While the Wardian Case was a practical invention that allowed city-dwellers to enjoy growing plants in their homes, the 1970s terrarium was a political statement. Several decades later, Hayes’s terrariums combine elements of both. They keep plants alive in apartments, sure, but they serve another purpose—that of allowing us to interact with, and control, the natural world. “It’s seductive,” she said. “It’s a perfect world you can hold in your hand.”
A combination of idealism and escapism is what elevated Hayes’s terrariums beyond those of the past, into the world of both fine art and contemporary design. After making her first terrarium out of geometric wood and glass, Hayes decided to experiment with other shapes. “I wanted to manifest what I experienced emotionally when I feel overcome with a positive charge,” she told Artsy. She settled on blown-glass containers because of the way they mimic the curve of the sky. “The container itself has this relationship to the dome of heaven—you can imagine yourself inside,” she said.

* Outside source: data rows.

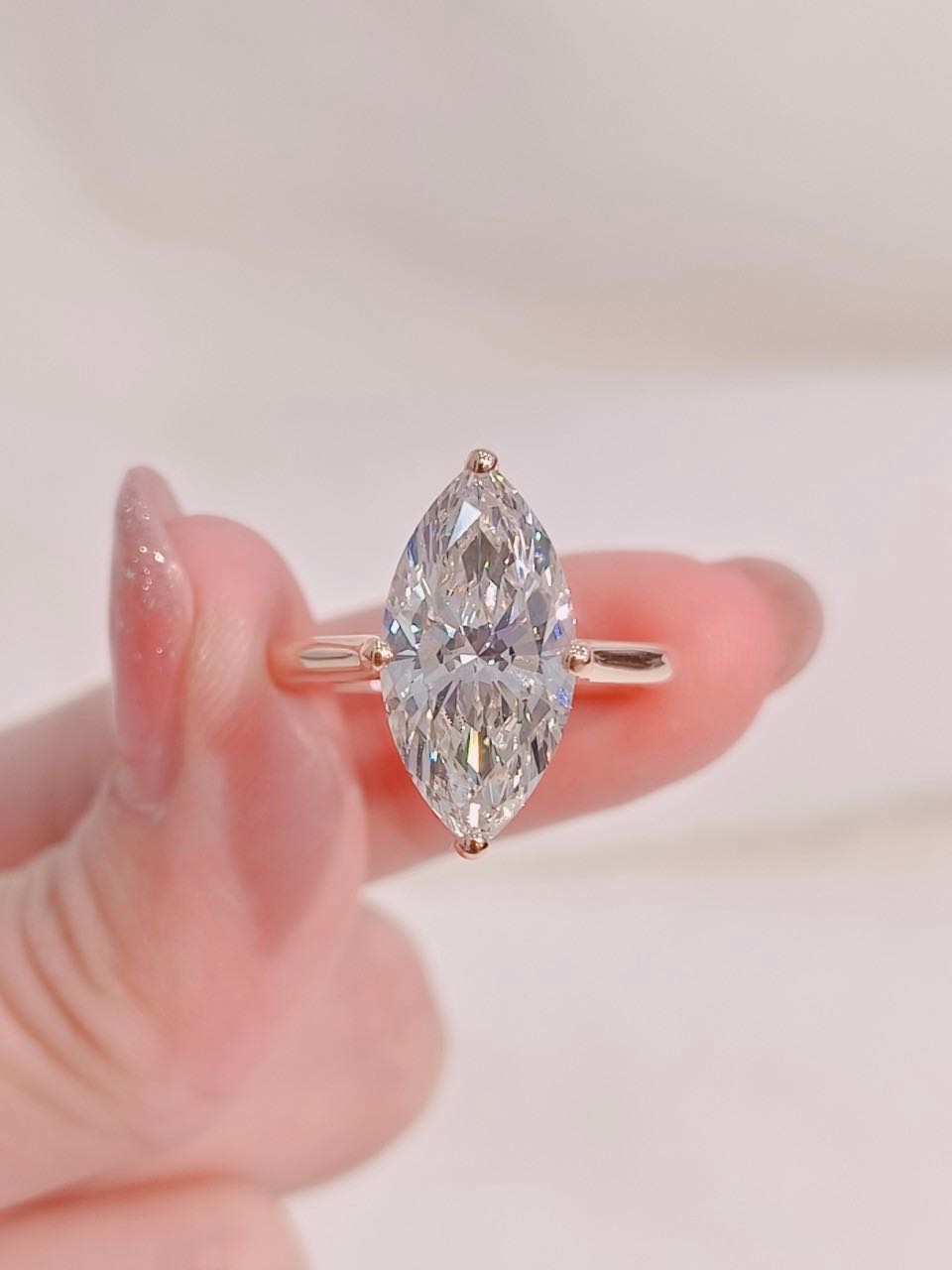 แหวน LG Marquise diamond ring  4.21 G VS1 Ex Ex IGI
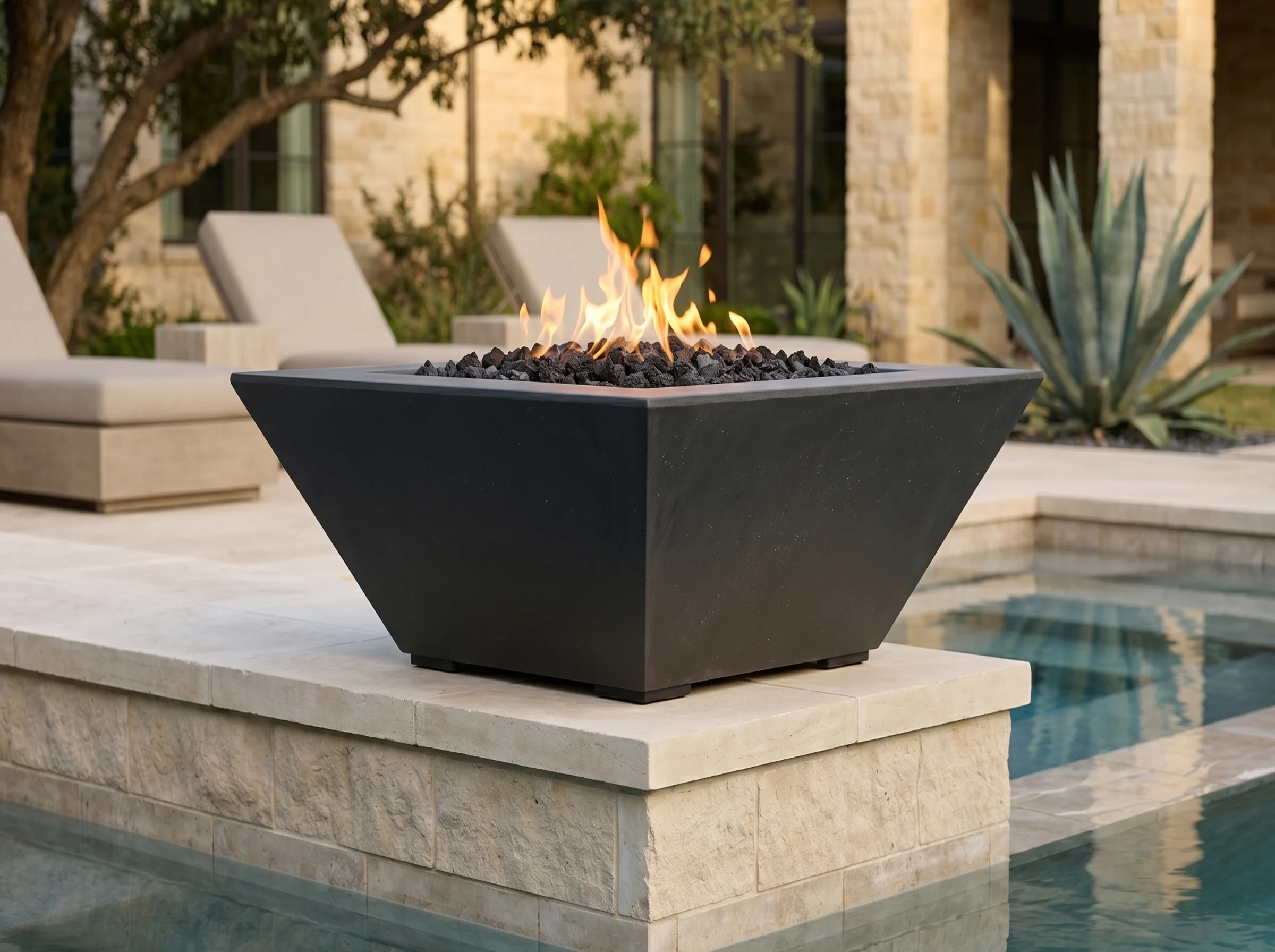 Lombard-P Tall Fire Bowl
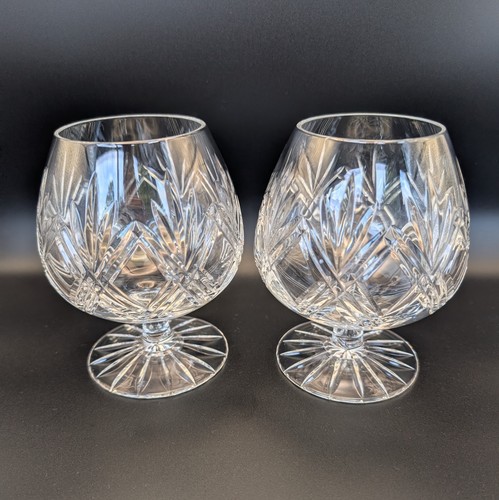 Pair vintage heavy crystal - of,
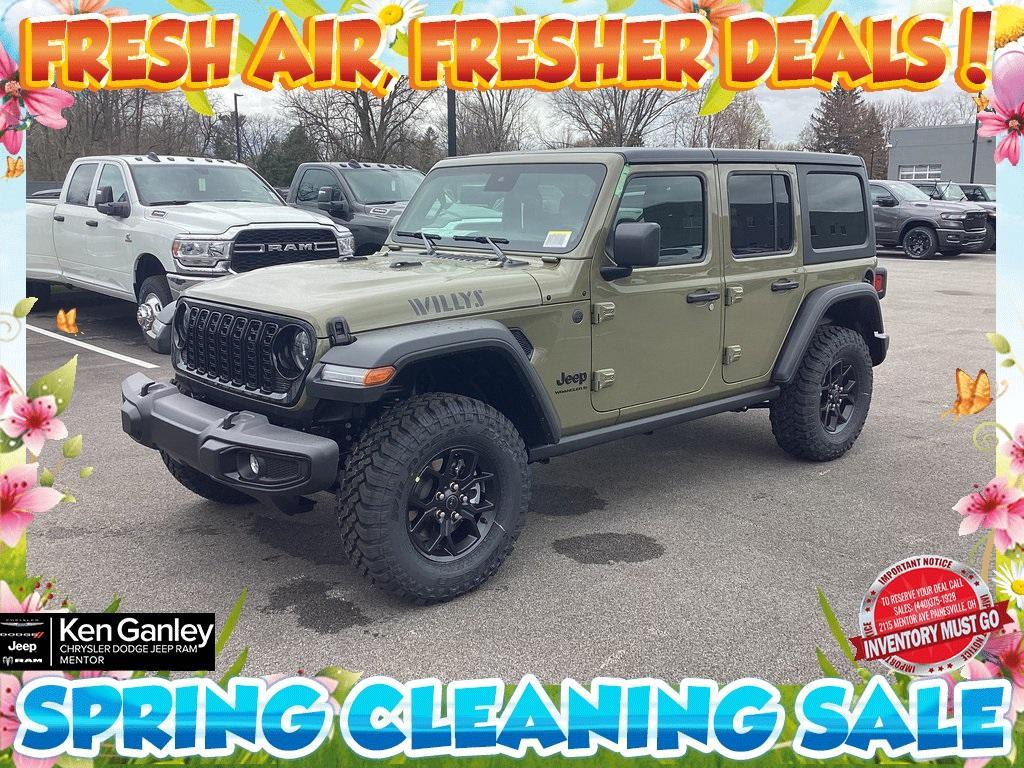 new 2025 Jeep Wrangler car, priced at $49,308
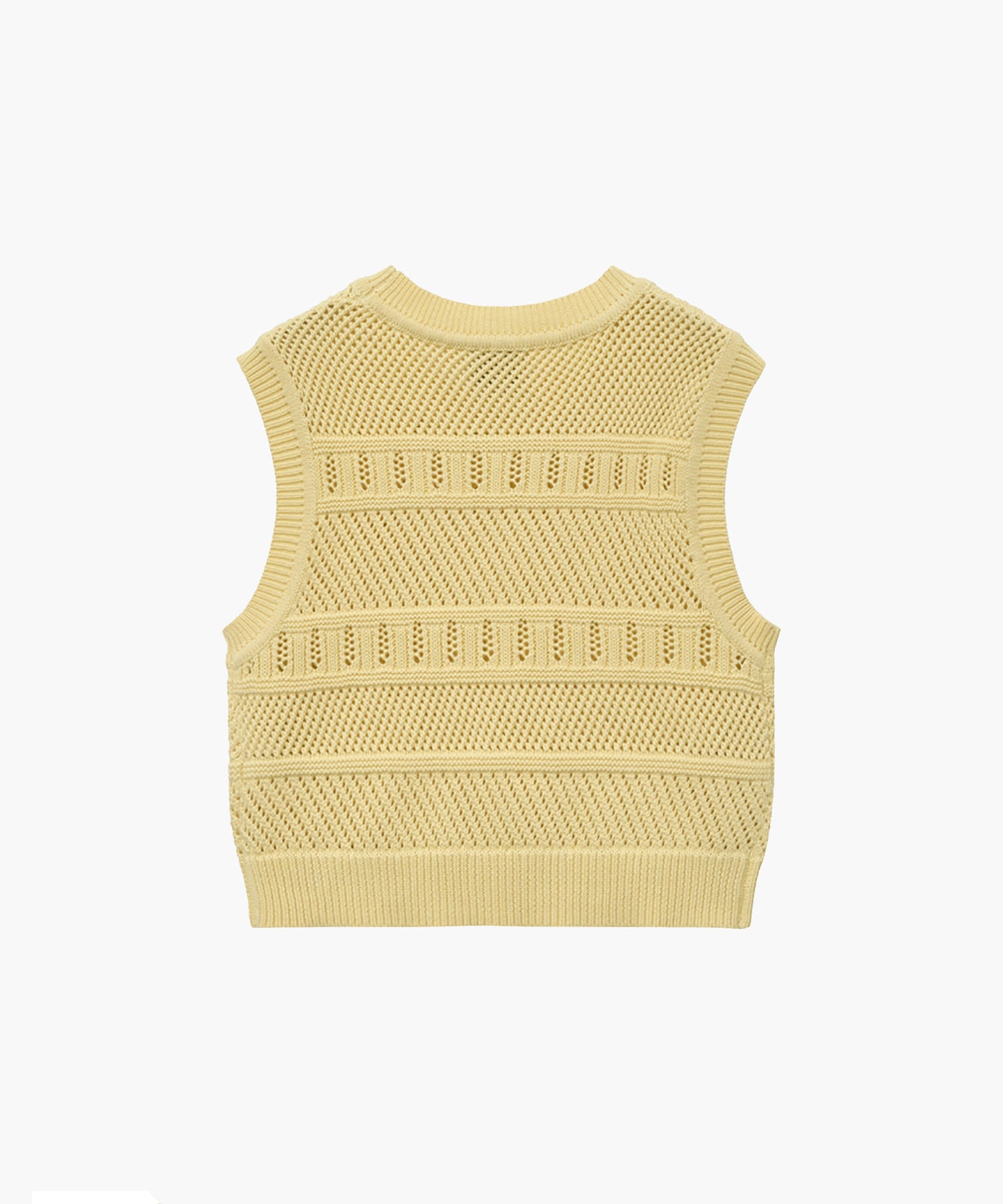 Marithe & Francois Girbaud - Crochet Knit Vest (Light Yellow) product image 6 | TRAB K-Fashion Australia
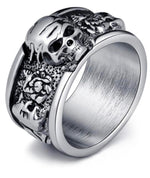 Hard Rock Skull Ring 57 mm nz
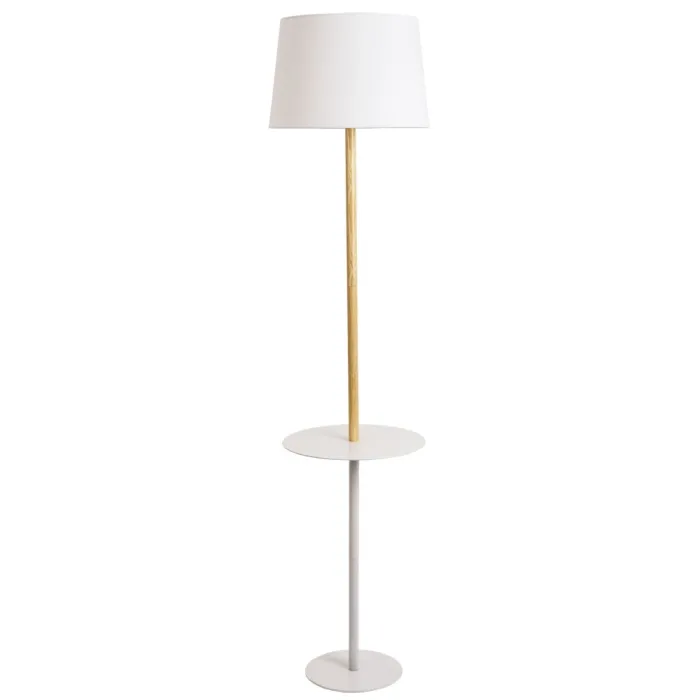 Торшер Arte Lamp CONNOR A2102PN-1WH | Дом Декора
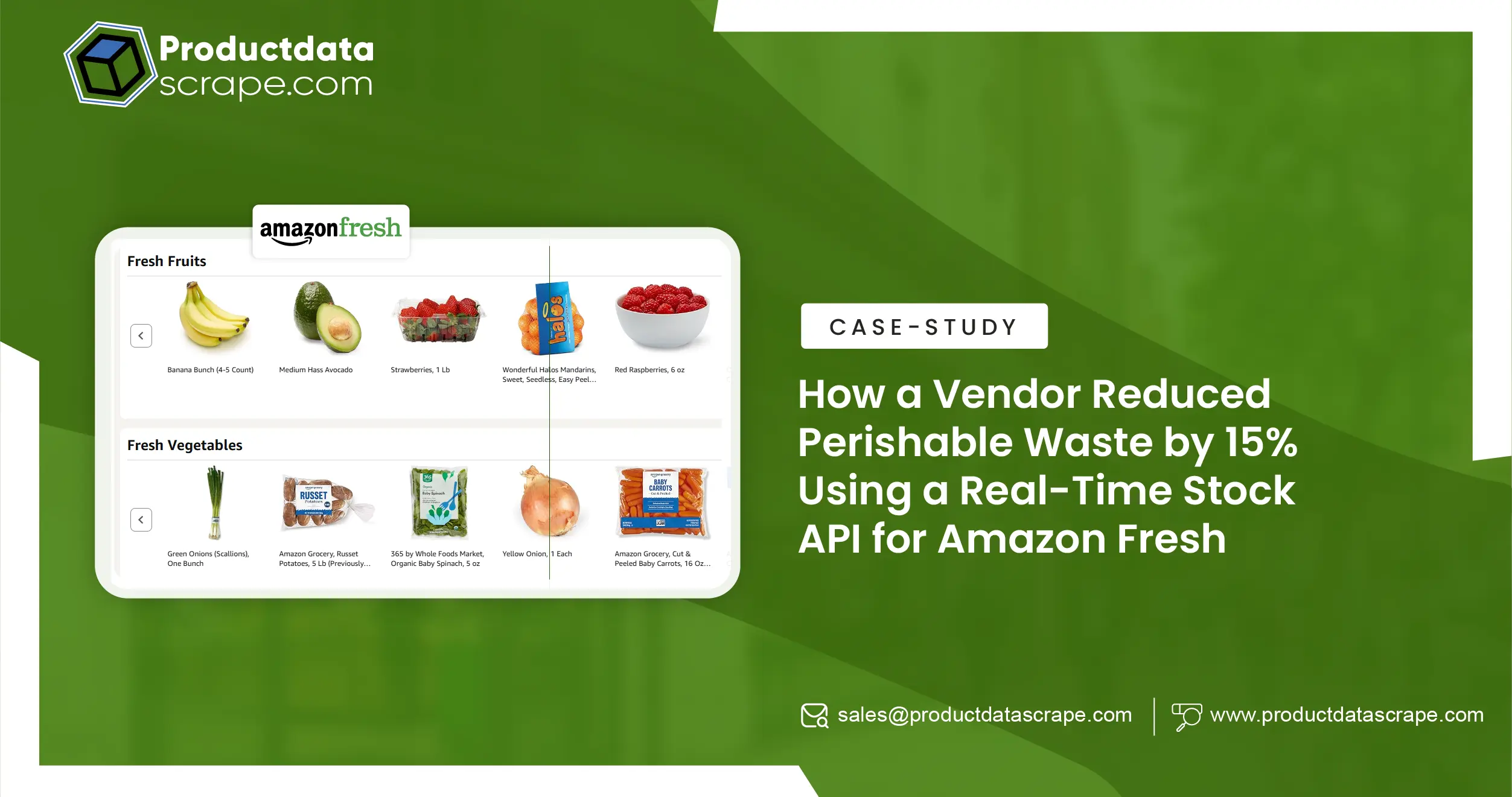 How a Vendor Reduced Perishable Waste by 15% Using a Real-Time Stock API for Amazon Fresh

To say this form resonated is an understatement. By 2008, Hayes started seeing copycat versions popping up online. “I was surprised by the degree to which people were really studying and replicating my terrariums,” she told Artsy, “but I didn’t feel like it was in the spirit of what I do.” Rather than fixate on the appropriations, Hayes chose to see the spread of terrariums inspired by her own as a natural process—the organic growth of a seed planted in the fertile soil of millennials’ imaginations. “I’m more interested in contemplating my terrariums’ place in the zeitgeist than in taking credit for them,” she said.